Our issues are sub standard and infrequent sex (to the point we have had none in 3 years), denying of any physical contact (her to me - most of the relationship), verbal abuse (me to her first due to her acute Agoraphobia issues then more to the strain of no physical contact), build up resentment of decisions made through the 25 years, my successful career and her not doing anything at all with her life that she is happy with.

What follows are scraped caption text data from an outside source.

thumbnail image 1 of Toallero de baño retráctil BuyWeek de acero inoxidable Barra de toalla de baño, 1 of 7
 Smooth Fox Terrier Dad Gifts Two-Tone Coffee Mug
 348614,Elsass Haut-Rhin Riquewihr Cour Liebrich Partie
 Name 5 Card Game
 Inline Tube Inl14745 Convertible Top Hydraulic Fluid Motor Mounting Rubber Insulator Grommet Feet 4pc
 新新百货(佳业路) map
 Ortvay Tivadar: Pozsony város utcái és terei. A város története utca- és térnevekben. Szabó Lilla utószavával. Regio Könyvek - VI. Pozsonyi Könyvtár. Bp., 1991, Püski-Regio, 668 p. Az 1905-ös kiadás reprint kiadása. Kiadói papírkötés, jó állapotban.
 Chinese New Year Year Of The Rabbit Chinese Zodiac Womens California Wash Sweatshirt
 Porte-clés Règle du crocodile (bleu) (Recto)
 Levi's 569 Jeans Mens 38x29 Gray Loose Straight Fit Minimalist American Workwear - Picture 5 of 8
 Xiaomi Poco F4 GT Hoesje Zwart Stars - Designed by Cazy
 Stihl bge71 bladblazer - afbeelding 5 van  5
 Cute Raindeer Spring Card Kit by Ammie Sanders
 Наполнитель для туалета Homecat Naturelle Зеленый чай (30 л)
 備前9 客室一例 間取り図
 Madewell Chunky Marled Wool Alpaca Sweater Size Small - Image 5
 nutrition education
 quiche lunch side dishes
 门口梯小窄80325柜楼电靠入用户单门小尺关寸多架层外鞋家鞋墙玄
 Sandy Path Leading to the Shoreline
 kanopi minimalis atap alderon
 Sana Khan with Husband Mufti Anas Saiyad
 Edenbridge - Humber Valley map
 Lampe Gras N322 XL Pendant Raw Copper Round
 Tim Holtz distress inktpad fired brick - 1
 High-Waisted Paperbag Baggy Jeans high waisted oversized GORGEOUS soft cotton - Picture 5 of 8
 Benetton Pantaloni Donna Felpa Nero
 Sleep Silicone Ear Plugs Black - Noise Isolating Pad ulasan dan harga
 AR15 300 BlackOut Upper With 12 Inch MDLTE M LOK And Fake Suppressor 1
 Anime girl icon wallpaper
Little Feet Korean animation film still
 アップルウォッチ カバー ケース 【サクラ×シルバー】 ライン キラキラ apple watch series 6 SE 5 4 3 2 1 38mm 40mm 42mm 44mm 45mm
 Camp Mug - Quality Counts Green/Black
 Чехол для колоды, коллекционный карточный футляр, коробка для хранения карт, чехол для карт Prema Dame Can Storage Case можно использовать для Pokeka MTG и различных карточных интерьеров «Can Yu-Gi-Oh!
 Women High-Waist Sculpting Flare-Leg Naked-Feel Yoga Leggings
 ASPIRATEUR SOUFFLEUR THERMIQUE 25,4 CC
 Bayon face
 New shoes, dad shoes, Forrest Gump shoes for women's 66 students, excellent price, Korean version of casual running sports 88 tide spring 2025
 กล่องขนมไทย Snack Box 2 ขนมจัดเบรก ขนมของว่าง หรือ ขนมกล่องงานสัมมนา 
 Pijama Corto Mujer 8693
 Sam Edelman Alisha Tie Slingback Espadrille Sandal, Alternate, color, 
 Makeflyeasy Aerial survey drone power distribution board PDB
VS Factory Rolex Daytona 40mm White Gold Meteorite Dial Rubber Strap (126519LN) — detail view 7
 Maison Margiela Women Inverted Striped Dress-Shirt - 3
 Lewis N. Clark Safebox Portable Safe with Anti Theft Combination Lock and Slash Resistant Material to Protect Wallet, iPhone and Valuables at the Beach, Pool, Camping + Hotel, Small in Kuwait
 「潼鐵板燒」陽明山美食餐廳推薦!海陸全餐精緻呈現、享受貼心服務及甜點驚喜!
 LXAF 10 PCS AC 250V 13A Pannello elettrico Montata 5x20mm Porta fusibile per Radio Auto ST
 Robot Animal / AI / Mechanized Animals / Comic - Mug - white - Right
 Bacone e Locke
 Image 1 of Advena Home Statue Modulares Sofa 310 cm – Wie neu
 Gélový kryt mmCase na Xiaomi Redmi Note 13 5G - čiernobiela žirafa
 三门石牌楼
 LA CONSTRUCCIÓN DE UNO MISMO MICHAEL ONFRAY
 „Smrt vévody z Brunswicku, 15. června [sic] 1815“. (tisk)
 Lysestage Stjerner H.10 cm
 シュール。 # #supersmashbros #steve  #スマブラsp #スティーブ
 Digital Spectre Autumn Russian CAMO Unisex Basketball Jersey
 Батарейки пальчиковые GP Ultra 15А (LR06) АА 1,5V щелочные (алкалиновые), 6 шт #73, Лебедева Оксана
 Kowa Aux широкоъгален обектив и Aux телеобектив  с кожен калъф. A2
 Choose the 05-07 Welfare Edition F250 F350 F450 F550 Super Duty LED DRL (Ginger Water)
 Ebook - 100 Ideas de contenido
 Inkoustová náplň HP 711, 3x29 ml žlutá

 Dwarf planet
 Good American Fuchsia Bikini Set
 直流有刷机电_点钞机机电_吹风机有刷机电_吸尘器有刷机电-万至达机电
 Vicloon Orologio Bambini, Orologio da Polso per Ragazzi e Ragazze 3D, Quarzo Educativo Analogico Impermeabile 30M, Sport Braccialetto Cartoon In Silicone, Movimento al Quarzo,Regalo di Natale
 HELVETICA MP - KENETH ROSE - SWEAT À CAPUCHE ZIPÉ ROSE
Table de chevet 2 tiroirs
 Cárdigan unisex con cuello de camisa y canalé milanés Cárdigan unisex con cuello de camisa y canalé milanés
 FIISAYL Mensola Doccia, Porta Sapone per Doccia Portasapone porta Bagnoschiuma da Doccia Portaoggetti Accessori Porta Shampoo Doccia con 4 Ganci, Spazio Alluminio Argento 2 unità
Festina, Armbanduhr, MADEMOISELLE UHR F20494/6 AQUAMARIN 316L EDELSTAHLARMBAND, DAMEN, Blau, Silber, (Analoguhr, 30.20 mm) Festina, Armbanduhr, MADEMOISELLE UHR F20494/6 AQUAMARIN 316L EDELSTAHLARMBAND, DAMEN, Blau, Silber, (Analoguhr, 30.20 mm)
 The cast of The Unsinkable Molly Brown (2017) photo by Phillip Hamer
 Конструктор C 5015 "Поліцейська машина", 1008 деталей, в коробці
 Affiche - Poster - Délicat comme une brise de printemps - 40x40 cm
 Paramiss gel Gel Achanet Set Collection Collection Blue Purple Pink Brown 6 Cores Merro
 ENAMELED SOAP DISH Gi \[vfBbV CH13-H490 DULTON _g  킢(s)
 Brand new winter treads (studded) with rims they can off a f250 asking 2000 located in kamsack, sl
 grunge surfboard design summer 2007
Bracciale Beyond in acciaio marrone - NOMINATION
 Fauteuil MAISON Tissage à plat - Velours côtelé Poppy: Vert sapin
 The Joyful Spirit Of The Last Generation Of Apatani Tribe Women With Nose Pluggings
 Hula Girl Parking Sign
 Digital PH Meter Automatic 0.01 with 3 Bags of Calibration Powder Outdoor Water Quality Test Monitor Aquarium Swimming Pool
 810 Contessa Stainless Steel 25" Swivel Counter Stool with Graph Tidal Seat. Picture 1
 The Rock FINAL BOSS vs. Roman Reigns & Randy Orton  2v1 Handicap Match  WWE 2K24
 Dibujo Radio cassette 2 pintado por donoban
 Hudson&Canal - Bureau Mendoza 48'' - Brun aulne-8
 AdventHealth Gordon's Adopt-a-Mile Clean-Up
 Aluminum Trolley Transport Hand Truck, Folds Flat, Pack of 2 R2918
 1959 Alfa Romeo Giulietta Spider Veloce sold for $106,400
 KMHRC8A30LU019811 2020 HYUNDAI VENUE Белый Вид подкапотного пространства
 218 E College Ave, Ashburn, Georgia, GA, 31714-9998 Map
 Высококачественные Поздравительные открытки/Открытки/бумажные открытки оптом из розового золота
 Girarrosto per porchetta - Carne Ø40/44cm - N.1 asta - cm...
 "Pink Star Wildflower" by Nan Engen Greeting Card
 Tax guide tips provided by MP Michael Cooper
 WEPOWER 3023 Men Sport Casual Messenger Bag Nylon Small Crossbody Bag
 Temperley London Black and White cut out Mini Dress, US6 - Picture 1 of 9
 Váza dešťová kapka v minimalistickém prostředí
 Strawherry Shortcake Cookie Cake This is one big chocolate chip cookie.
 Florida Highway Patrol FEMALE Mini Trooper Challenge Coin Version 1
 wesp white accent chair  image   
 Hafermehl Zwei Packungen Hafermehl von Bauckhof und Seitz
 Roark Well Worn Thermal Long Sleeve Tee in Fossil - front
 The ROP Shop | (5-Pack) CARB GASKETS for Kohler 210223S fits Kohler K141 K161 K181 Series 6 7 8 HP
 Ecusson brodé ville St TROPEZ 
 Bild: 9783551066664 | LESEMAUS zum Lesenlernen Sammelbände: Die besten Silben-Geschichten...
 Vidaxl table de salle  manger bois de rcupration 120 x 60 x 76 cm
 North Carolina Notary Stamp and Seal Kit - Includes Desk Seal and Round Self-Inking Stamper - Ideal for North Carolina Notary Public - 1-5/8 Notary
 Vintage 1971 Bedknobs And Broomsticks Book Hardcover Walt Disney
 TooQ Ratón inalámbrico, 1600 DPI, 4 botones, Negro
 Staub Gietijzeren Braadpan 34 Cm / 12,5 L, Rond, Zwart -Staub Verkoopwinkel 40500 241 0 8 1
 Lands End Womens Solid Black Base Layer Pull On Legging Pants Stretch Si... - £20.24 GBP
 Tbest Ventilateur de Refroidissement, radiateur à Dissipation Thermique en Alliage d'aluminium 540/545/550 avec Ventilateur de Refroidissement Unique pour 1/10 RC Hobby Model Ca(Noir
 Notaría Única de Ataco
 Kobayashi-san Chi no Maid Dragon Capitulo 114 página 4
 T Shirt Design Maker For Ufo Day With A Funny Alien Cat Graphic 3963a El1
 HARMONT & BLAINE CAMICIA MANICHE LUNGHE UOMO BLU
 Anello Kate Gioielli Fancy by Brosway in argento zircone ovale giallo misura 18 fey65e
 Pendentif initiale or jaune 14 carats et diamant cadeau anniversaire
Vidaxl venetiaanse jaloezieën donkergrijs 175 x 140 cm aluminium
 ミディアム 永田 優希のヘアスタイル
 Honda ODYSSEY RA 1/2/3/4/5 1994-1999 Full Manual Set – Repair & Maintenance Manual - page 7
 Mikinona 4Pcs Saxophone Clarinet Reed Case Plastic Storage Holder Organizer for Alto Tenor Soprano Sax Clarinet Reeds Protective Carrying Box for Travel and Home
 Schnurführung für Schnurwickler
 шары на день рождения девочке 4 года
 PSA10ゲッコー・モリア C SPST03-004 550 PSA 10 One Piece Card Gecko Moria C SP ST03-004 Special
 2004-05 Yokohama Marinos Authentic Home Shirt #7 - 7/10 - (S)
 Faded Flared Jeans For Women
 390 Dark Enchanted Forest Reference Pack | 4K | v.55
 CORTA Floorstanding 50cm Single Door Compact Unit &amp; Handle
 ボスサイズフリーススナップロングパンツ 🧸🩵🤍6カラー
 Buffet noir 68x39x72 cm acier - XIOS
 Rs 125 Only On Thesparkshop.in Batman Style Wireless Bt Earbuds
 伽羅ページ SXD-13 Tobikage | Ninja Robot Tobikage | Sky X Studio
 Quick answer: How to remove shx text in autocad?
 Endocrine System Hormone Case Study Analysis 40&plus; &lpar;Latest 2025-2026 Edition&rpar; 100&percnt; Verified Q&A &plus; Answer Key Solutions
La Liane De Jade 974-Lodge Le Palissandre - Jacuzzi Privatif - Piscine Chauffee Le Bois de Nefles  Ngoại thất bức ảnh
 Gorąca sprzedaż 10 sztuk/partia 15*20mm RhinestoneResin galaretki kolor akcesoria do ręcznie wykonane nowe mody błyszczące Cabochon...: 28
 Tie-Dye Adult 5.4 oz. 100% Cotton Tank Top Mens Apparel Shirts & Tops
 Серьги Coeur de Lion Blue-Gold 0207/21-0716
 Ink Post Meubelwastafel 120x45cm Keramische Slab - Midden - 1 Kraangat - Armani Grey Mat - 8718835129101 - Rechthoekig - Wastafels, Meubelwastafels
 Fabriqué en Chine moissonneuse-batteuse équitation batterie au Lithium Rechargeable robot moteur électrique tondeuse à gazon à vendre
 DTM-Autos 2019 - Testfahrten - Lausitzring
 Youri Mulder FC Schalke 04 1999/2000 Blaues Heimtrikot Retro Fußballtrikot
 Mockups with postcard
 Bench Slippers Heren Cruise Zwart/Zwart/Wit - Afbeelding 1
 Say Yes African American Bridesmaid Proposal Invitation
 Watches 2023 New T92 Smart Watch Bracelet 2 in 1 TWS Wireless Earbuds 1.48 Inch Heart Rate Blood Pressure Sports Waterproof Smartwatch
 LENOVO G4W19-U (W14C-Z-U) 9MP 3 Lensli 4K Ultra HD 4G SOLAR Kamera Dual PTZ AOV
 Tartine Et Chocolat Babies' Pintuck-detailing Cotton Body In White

Within a few years of dating I essentially became chained at the waist to her when she got Agoraphobia. It was overwhelming for a 21 year old. I had to do everything with her and for her. I would have emotional collapses when I had any time to myself. I lost most of my good friends but we loved each other. We had tons in common. I never thought of leaving her which I know may sound weird to some. The Agoraphobia eventually lead to verbal abuse from me in the form of lashing out in fights (cursing her nastily). We even had some physical confrontations here and there when she would block me from leaving the house and having a moments peace. The Agoraphobia over the years improved (thanks to the invent of the cell phone which helped me get out as long as I had it on). The long build up resentment on both ends has always remained and is brought up in nearly every fight. We fight it seems every 3-6 months. One huge monster fight where everything awful come out. Then it settles down and things appear to be back to "normal". Normal still being not good. 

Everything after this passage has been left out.